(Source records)
↓

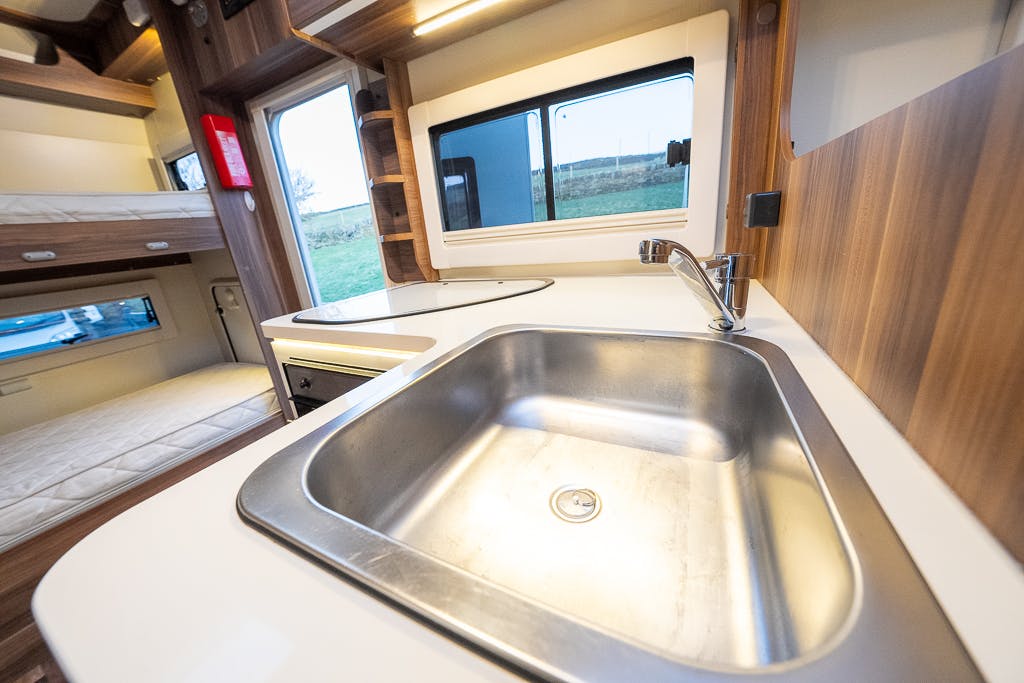 The image shows the interior of a 2016 Roller Team Auto-Roller 707 Low Line, focusing on the sink area. The stainless steel sink is installed on a white countertop with a faucet. In the background, there is a bunk bed and a window bringing in natural light. The walls have a wooden finish.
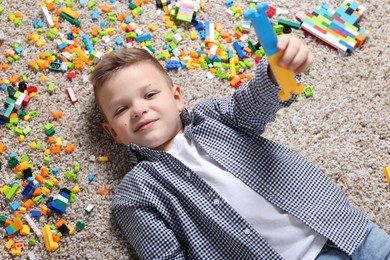 Cute boy and colorful building blocks on floor, top view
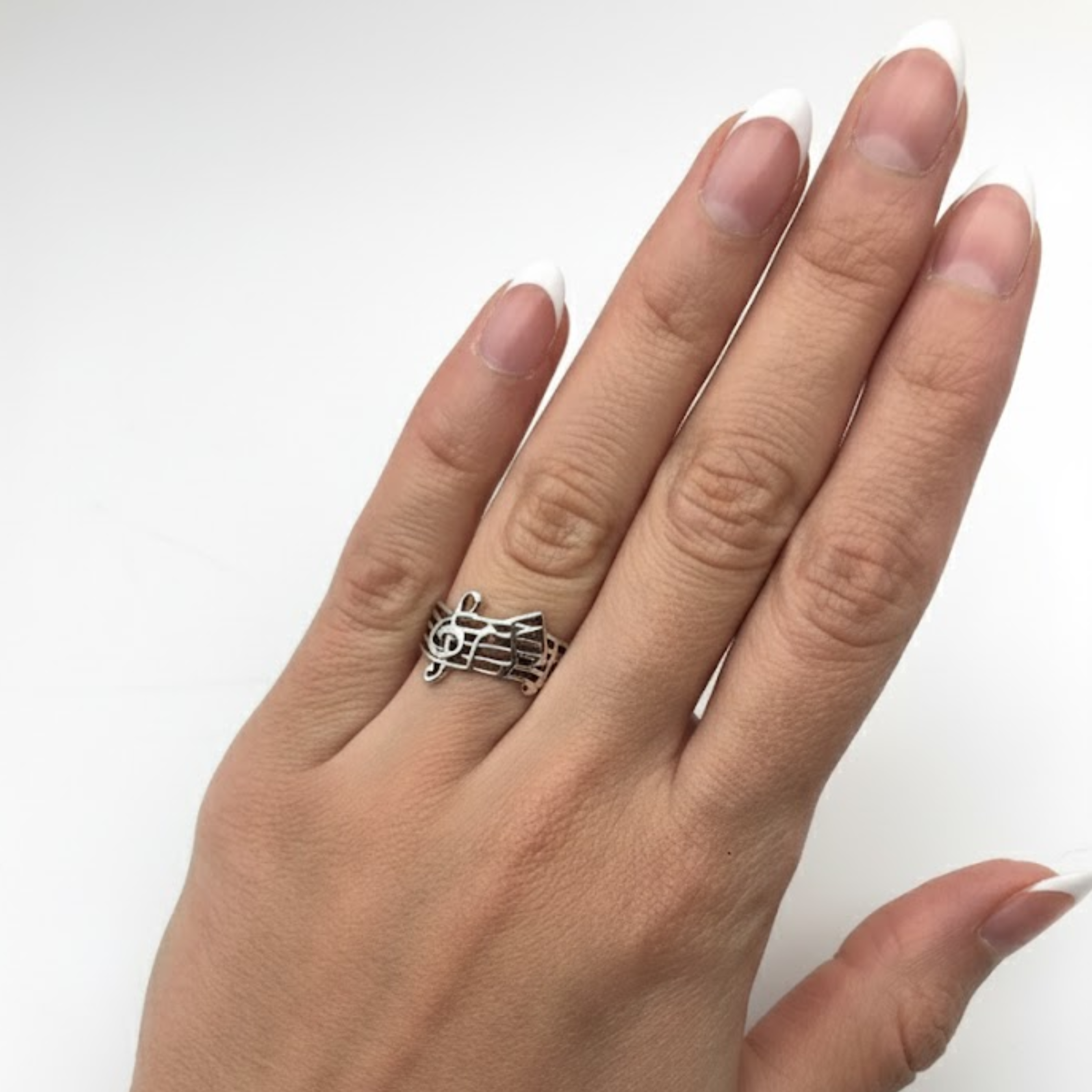 Unique Silver Music Note Ring in 925 Sterling Silver, a perfect accessory for music lovers and special celebrations.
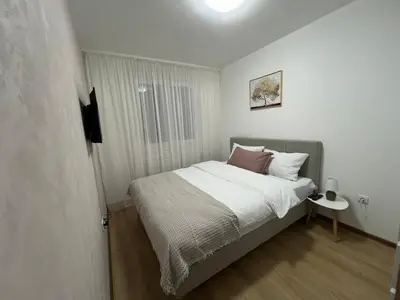 a small bedroom with a bed and a window at Gold Star Apartman in Ruma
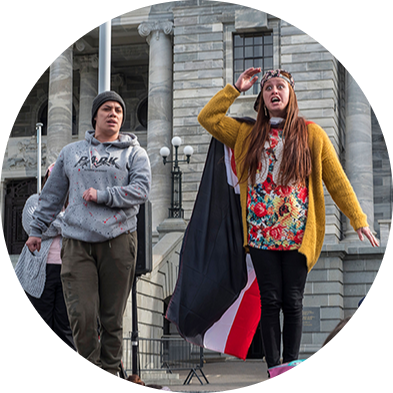 Two Māori people standing in front of Parliament. One has a Tino Rangatiratanga flag on as a cape.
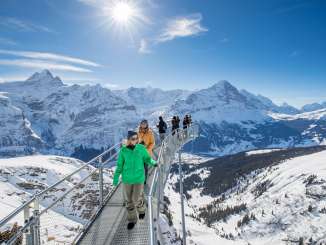 Die Touristen geniessen die winterliche Aussicht vom First Cliff Walk Aussichtspunkt. Im Hintergrund erstreckt sich der verschneite Eiger am Horizont.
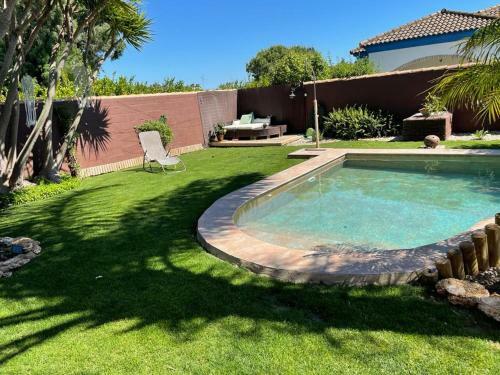 Two-bed Villa With Tropical Garden In Chiclana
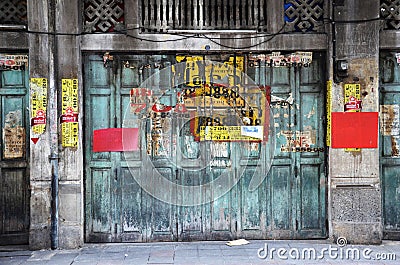 Vintage advertisement papers paste on the wall in Chinatown, Ban Editorial Stock Photo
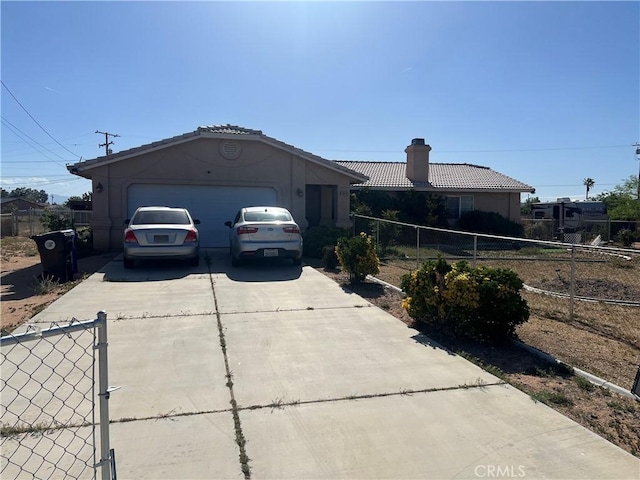 14842 Temecula Rd, Apple Valley, CA 92307 - ranch-style home with driveway, an attached garage, fence, and a chimney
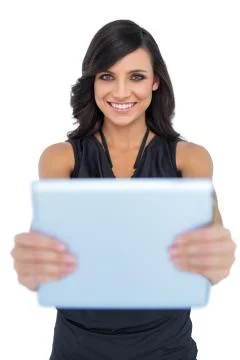 Happy elegant brown haired model holding tablet in front of her Stock Photos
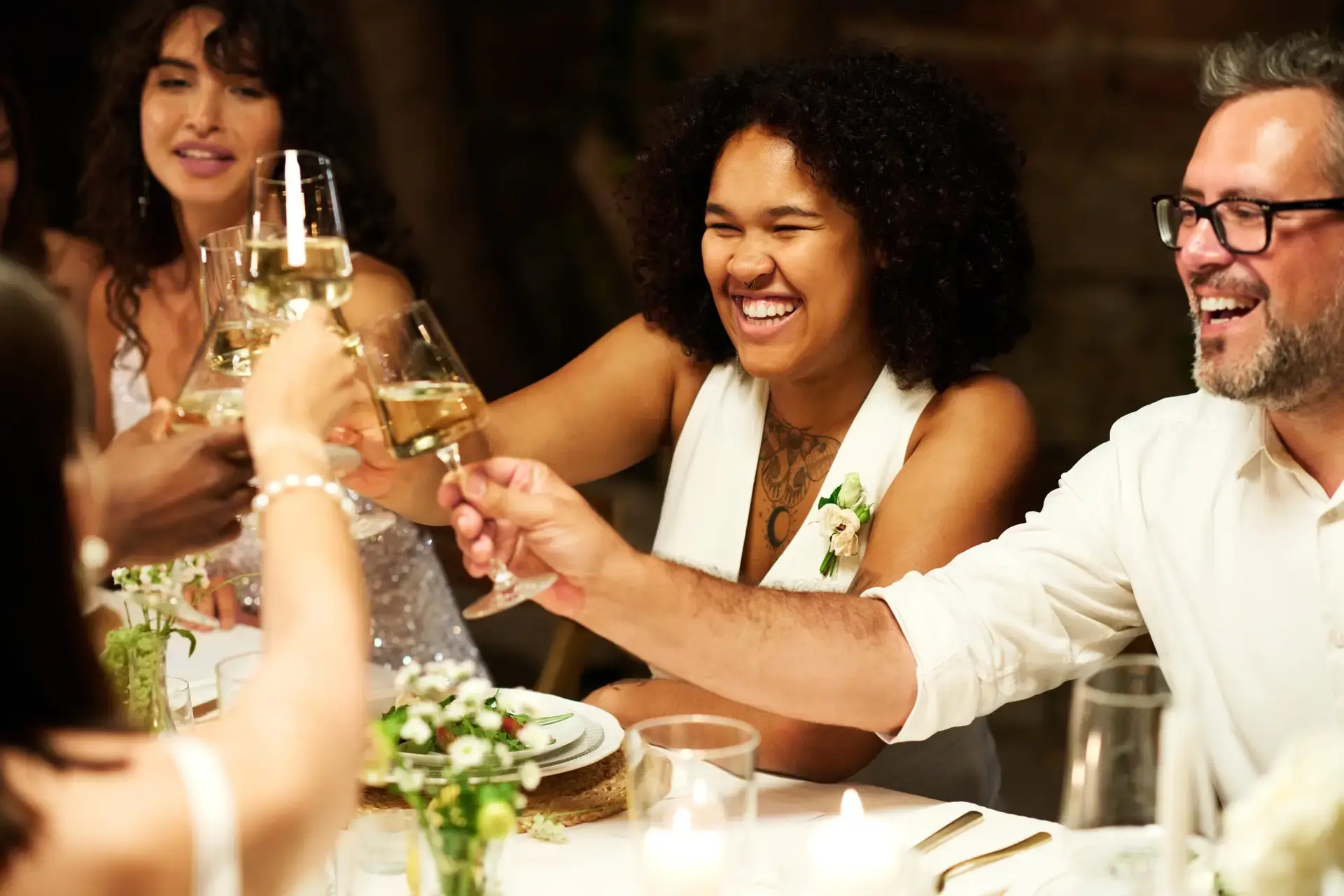 Happy young African American bride in wedding attire toasting with friends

↑

**Exercise description:** Your answer must be the lines from the one containing "Unique Silver Music" through the final line of the entries, duplicated exactly, with both ends kept and all pictures left out.

**Answer:**
 Unique Silver Music Note Ring in 925 Sterling Silver, a perfect accessory for music lovers and special celebrations.
 a small bedroom with a bed and a window at Gold Star Apartman in Ruma
 Two Māori people standing in front of Parliament. One has a Tino Rangatiratanga flag on as a cape.
 Die Touristen geniessen die winterliche Aussicht vom First Cliff Walk Aussichtspunkt. Im Hintergrund erstreckt sich der verschneite Eiger am Horizont.
 Two-bed Villa With Tropical Garden In Chiclana
 Vintage advertisement papers paste on the wall in Chinatown, Ban Editorial Stock Photo
 14842 Temecula Rd, Apple Valley, CA 92307 - ranch-style home with driveway, an attached garage, fence, and a chimney
 Happy elegant brown haired model holding tablet in front of her Stock Photos
 Happy young African American bride in wedding attire toasting with friends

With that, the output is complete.